◆ AIM OF THE EXERCISE:
Your answer should hold exactly the lines below from the line with "Begin by plugging" through the line with "Wooden formwork was", both included, and no pictures at all.

◆ DATA PROVIDED:
----------

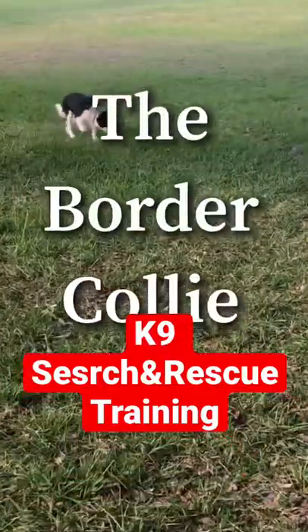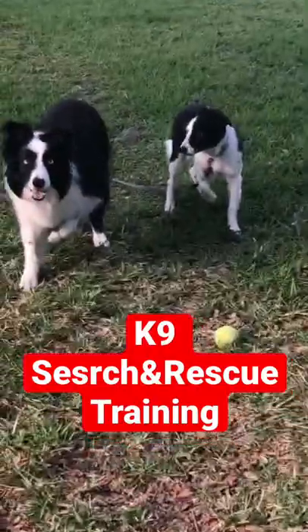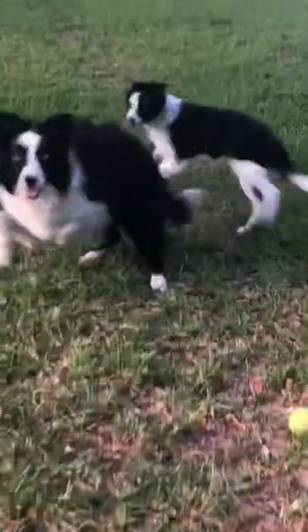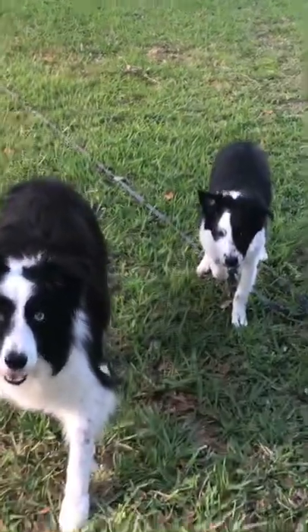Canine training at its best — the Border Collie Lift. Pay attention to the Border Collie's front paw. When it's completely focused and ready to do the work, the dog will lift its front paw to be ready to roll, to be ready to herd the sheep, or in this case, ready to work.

----------

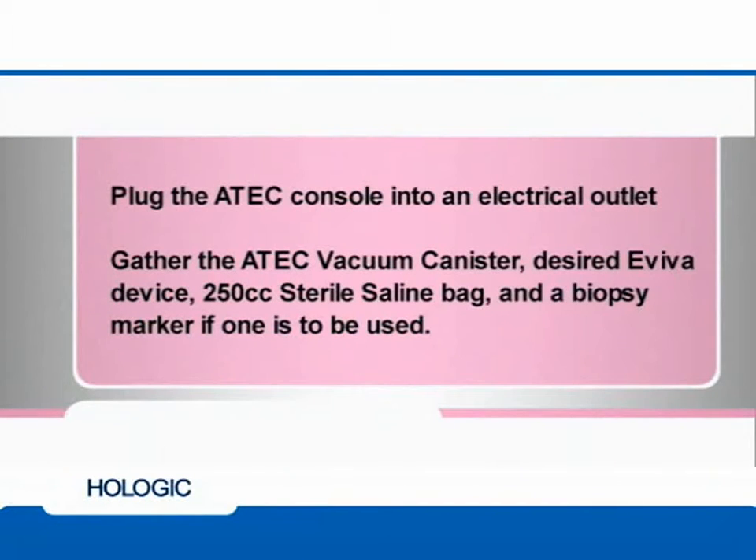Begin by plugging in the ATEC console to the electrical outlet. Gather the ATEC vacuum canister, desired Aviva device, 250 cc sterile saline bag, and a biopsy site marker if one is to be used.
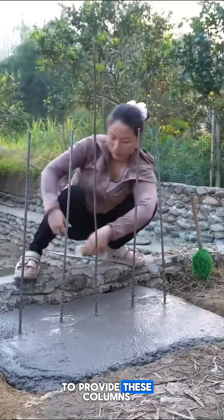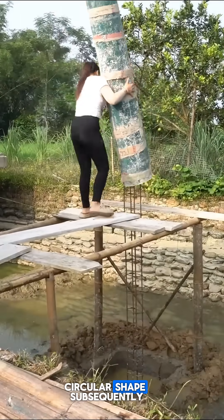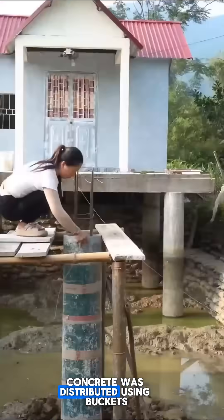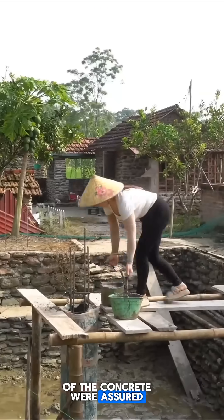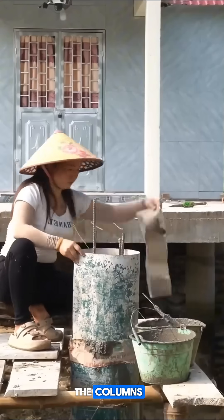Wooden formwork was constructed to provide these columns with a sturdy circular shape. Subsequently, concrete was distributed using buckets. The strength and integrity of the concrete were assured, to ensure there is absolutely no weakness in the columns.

----------

◆ EXERCISE RESULT:
Begin by plugging in the ATEC console to the electrical outlet. Gather the ATEC vacuum canister, desired Aviva device, 250 cc sterile saline bag, and a biopsy site marker if one is to be used.
Wooden formwork was constructed to provide these columns with a sturdy circular shape. Subsequently, concrete was distributed using buckets. The strength and integrity of the concrete were assured, to ensure there is absolutely no weakness in the columns.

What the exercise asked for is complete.